Presiden dan Ibu Soeharto melakukan kunjungan kerja di Medan sepanjang pagi dan siang ini dalam rangka peresmian sejumlah proyek pembangunan. Proyek-proyek yang diresmikan Kepala Negara di Belawan itu adalah 21 pabrik pengolah minyak kelapa sawit (CPO, crude palm oil) dan minyak inti sawit (PKO, palm kernel oil), serta 33 pabrik pabrik lain dan sebuah kawasan industri. Proyek-proyek yang tersebar di tujuh provinsi itu dibiayai dengan investasi sebesar Rp 596 miliar dan dapat menyerap tenaga kerja sebanyak 18.323 orang. Dari proyek-proyek ini pemerintah mengharapkan masuknya devisa sebanyak US$575 juta setiap tahun.

Selasa, 13 Oktober 1992

Presiden Soeharto pagi ini di Bina Graha menerima Menteri Tenaga Kerja Cosmas Batubara. Ia menghadap Kepala Negara untuk melapor tentang unjuk rasa para pekerja, masalah tenaga kerja asing serta mengenai persiapan pemberian penghargaan di bidang KB pada berbagai perusahaan di Semarang.

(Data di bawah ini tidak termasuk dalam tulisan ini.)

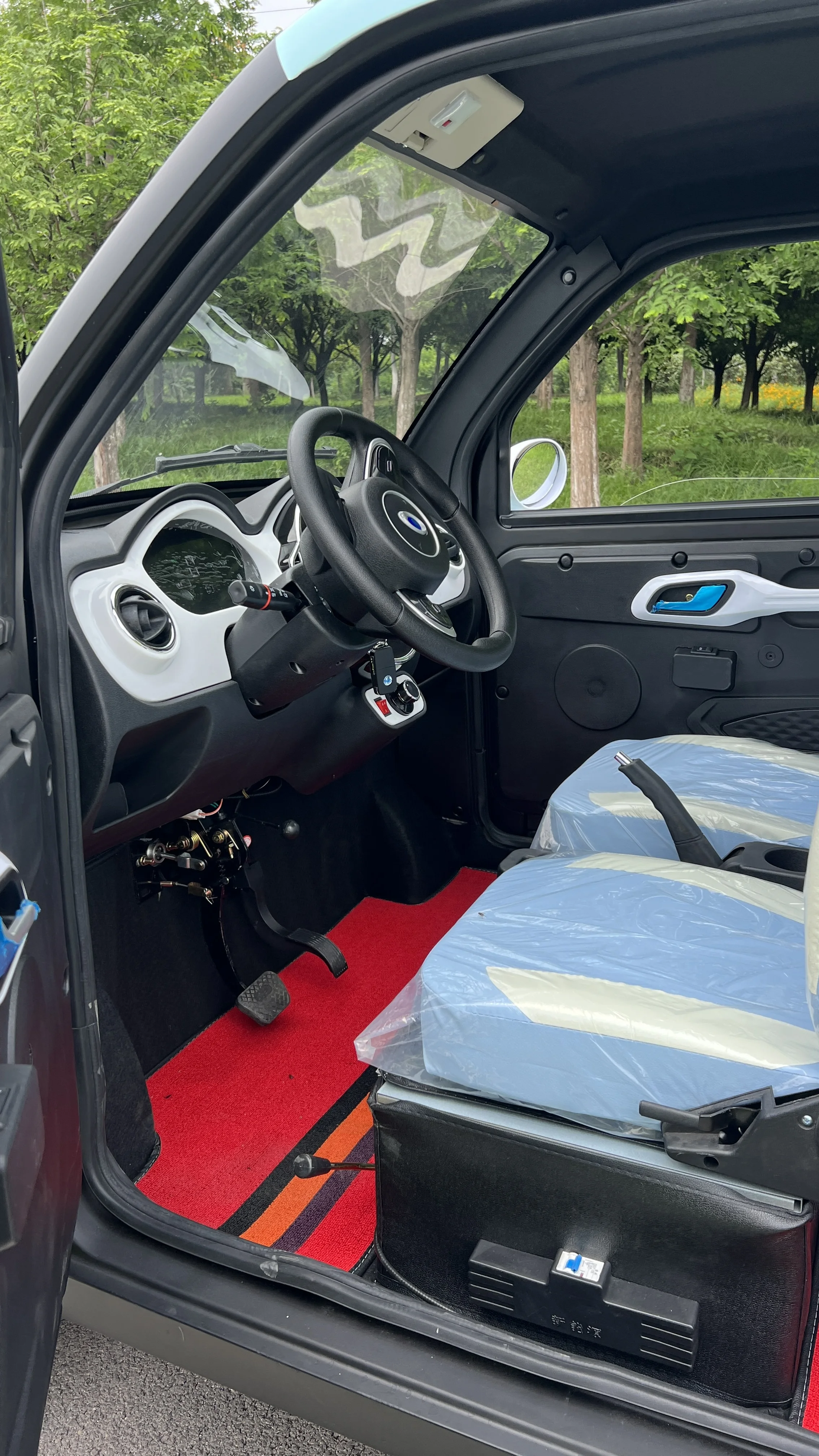 2024 electric low speed vehicle, 4 seats 2 doors electric vehicle, max speed 45km per hour electric 4 wheel vehicle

Dalam pertemuan itu Kepala Negara memberikan petunjuknya agar departemen tenaga kerja semakin memasyarakatkan ketentuan upah minimum sehingga bisa menghindari terjadinya gejolak-gejolak. sedangkan mengenai tenaga kerja asing, Kepala Negara menggariskan agar proses Indonesianisasi semakin ditingkatkan, sehingga pada akhirnya para pekerja Indonesia mampu menggantikan tenaga kerja asing tersebut.